Python - How do I convert “an OS-level handle to a

2019-03-09 19:58发布

问题:

tempfile.mkstemp() returns:

a tuple containing an OS-level handle to an open file (as would be returned by os.open()) and the absolute pathname of that file, in that order.

How do I convert that OS-level handle to a file object?

The documentation for os.open() states:

To wrap a file descriptor in a "file object", use fdopen().

So I tried:

>>> import tempfile
>>> tup = tempfile.mkstemp()
>>> import os
>>> f = os.fdopen(tup[0])
>>> f.write('foo\n')
Traceback (most recent call last):
  File "<stdin>", line 1, in ?
IOError: [Errno 9] Bad file descriptor

回答1:

You can use

os.write(tup[0], "foo\n")

to write to the handle.

If you want to open the handle for writing you need to add the "w" mode

f = os.fdopen(tup[0], "w")
f.write("foo")


回答2:

Here's how to do it using a with statement:

from __future__ import with_statement
from contextlib import closing
fd, filepath = tempfile.mkstemp()
with closing(os.fdopen(fd, 'w')) as tf:
    tf.write('foo\n')


回答3:

You forgot to specify the open mode ('w') in fdopen(). The default is 'r', causing the write() call to fail.

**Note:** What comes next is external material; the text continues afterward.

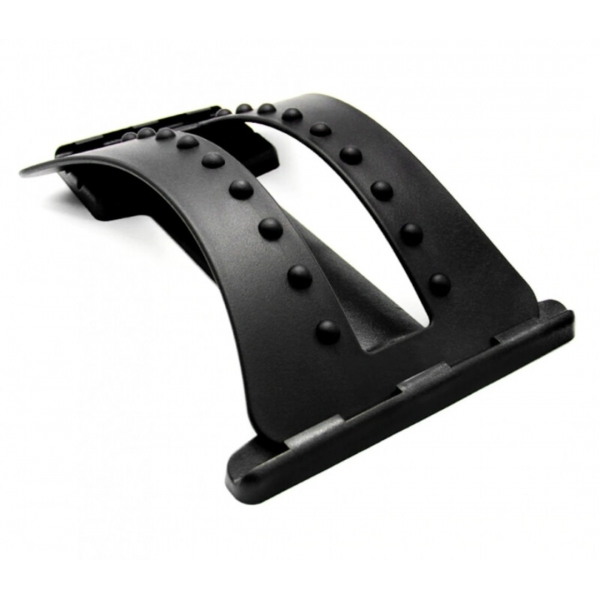 Уред за разтягане и масаж на гърба 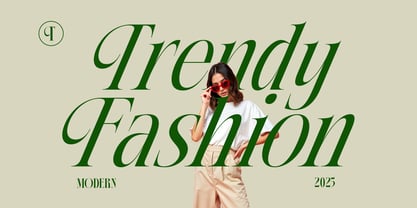 AT Paskalara Font Poster 2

I think mkstemp() creates the file for reading only. Calling fdopen with 'w' probably reopens it for writing (you can reopen the file created by mkstemp).



回答4:

temp = tempfile.NamedTemporaryFile(delete=False)
temp.file.write('foo\n')
temp.close()


回答5:

What's your goal, here? Is tempfile.TemporaryFile inappropriate for your purposes?



回答6:

I can't comment on the answers, so I will post my comment here:

To create a temporary file for write access you can use tempfile.mkstemp and specify "w" as the last parameter, like:

f = tempfile.mkstemp("", "", "", "w") # first three params are 'suffix, 'prefix', 'dir'...
os.write(f[0], "write something")